The RIIA looked at the issues that arose with the hypothetical addition of renewable energy in 10% increments up to 50% and found that the addition of renewable energy to the grid creates changes in the grid’s operation and system needs.
The report found that the addition of renewable resources adversely impacted the grid’s operational stability.
According to the report, the energy grid loses stability when renewable energy’s inverter-based resources replace conventional physically-spinning generators.
Solar panels turn solar energy into direct current, or DC, electricity. But most utilities produce and transmit alternating current, or AC, electricity, so solar energy providers must use inverters to convert DC electricity to AC to operate as part of the grid. Large wind turbines typically produce AC power, but smaller wind turbines often produce DC power, which necessitates the use of an inverter to put out AC energy useable in the grid.
MISO found that introducing more renewables into the existing grid added complexity that requires new methods of adaptation.

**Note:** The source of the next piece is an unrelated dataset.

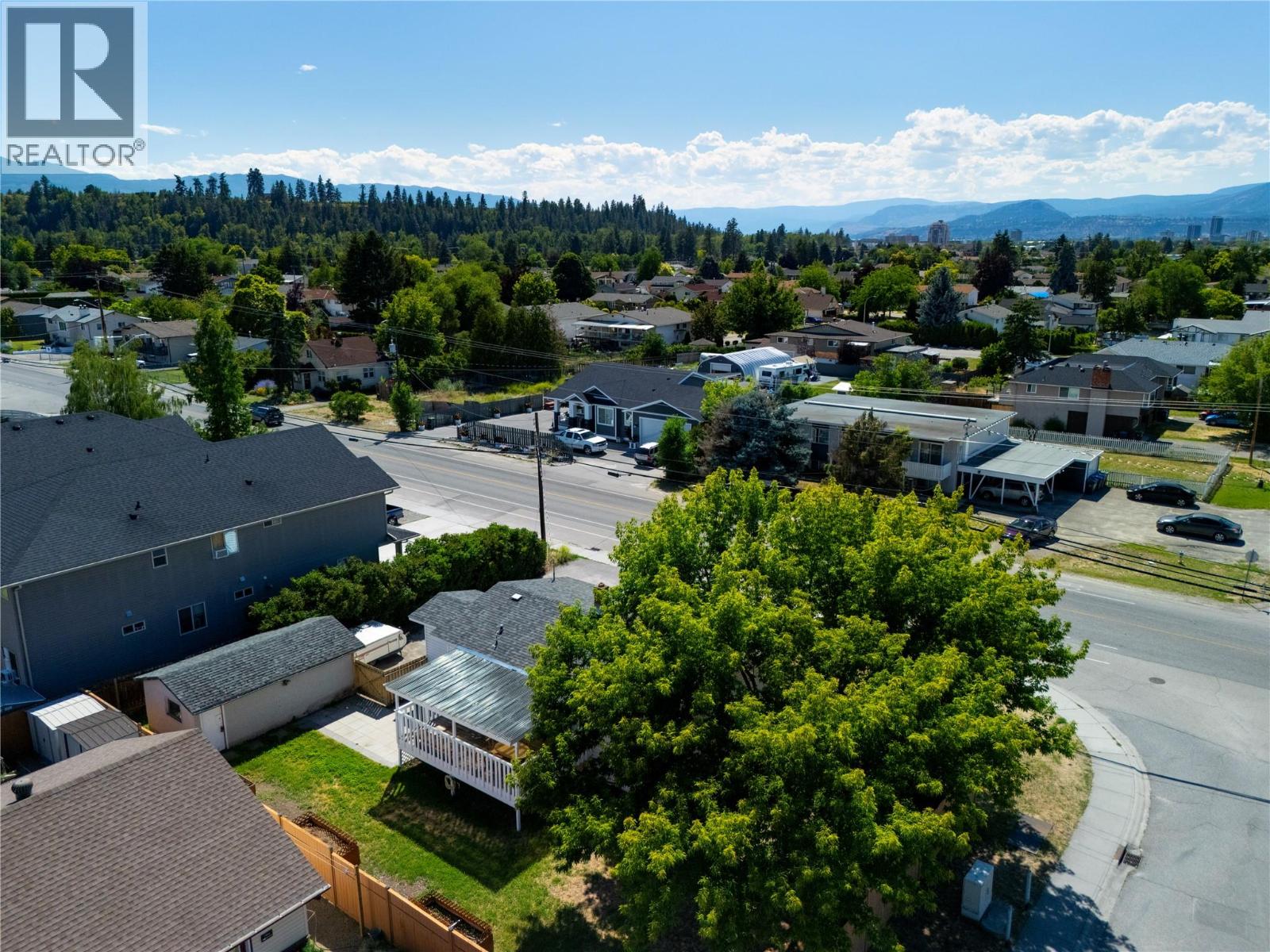 415 Gerstmar Road, Kelowna, British Columbia  V1X 4B2 - Photo 7 - 10352909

MISO found that the way to overcome that challenge is through a combination of multiple technologies, like high-voltage DC lines and DC equipment like synchronous condensers, which can reduce or eliminate the lag in supply created by introducing renewables to the traditional grid. The report also recommends adopting emerging technology like grid-forming inverters, which allows wind and solar inverters to form voltage and frequency levels like traditional generators.

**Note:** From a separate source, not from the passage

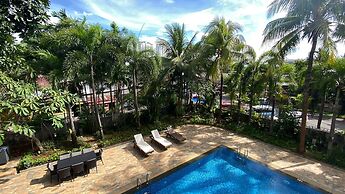 Spacious And Modern 3Br Apartment At Simprug Park Residences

The report also found other grid reliability factors that introducing renewables would change, including shifting the periods when the grid is stressed due to long-distance power transfers, shifting periods of energy shortage risk, shifting flexibility risk and insufficient transmission capacity.

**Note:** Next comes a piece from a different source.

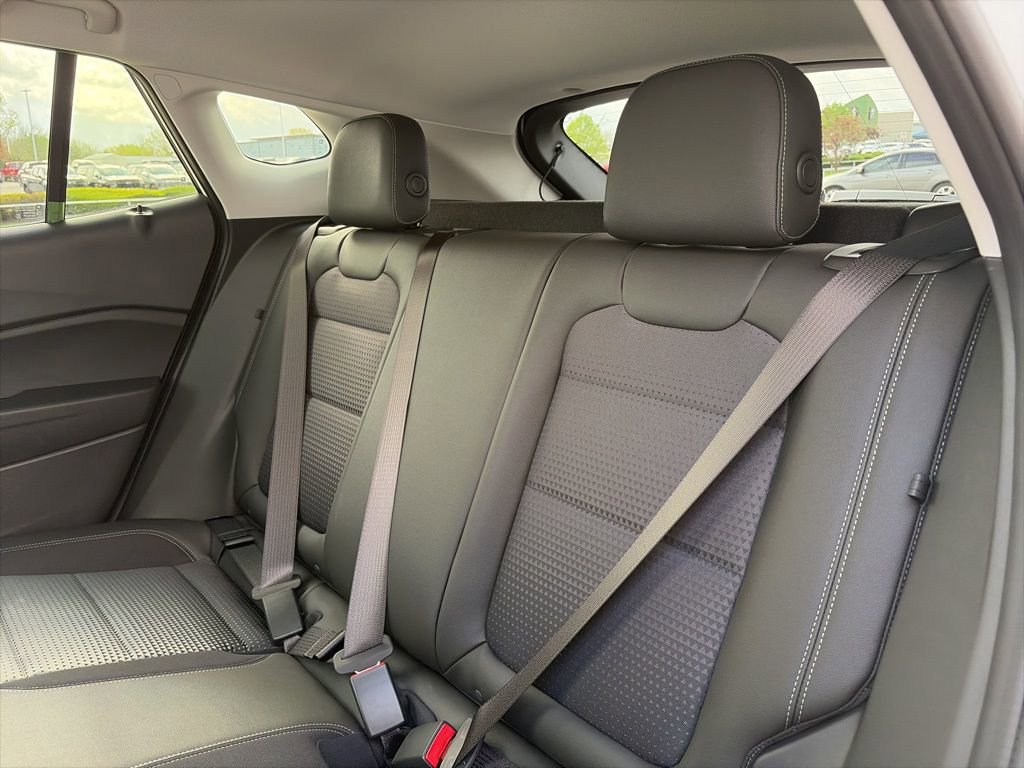 New 2026 Chevrolet Trax LT FWD image 36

MISO found that those challenges were manageable, but higher levels of renewable energy integration would require more adaptation.
“RIIA found when the percentage of systemwide annual load served by renewable resources is less than 30%, the integration of wind and solar will require transmission expansion as well as significant changes to current operating, market and planning practices — all of which appear manageable within MISO’s existing framework. Beyond 30%, transformative thinking and coordinated action between MISO and its members are required to prepare for the significant challenges that arise,” the report stated.
Grid reliability and climate change resilience have come to the forefront after Texas’ independent electrical grid failed during a historic cold snap, setting off a series of planning failures compounded by the frigid temperatures.
Early punditry pointed to frozen wind turbines as the cause of the failure, but as the situation become more clear, failures in fossil-fuel powered plants were revealed as the real source of the blackouts.
The Electric Reliability Council of Texas, the organization that runs the electrical grid for 75% of the state, apparently failed to winterize every step of the generation process, from extraction of natural gas to the buttons used to operate the power plants. The weather, and possibly the outages, led to at least 58 deaths over several days.
Climate change is affecting the spread of the polar vortex, a band of wind surrounding the North and South Poles, bring cold arctic air further south. The change is due to the rapid warming of the Arctic Ocean, which normally keeps the polar vortex contained.
Here in Indiana, climate change has already affected how Hoosiers live, work and play. Over the last 125 years, the average amount of precipitation that falls in the state every year has increased 5.6 inches. Instead of being spread out through the year the rain is falling in heavy downpours, increasing the risk of flooding in many areas across the state, affecting commutes, agriculture and costing Hoosiers.
The average annual temperature has also risen 1.2 degrees Fahrenheit in the state during that time, and is projected to rise about 5 degrees by mid-century.
Scientists and environmental advocates point to moving away from fossil fuels as necessary to reduce the impact of climate change, but the transition toward renewables could affect electric reliability unless utilities act to adapt.
The Federal Energy Regulatory Commission, the agency that oversees energy suppliers in the U.S., said it will examine the threat that climate change and extreme weather events pose to electric reliability.
“The effects of climate change are already apparent,” said FERC Chairman Richard Glick. “We must do everything we can within our statutory authority to ensure that the electric grid is capable of keeping the lights on in the face of extreme weather.”
FERC also said it would investigate “potential wrongdoing” in the natural gas and electricity market after natural gas prices spiked as high as 100 times the average price during the crisis in Texas. At least one U.S. senator has also pushed for a probe.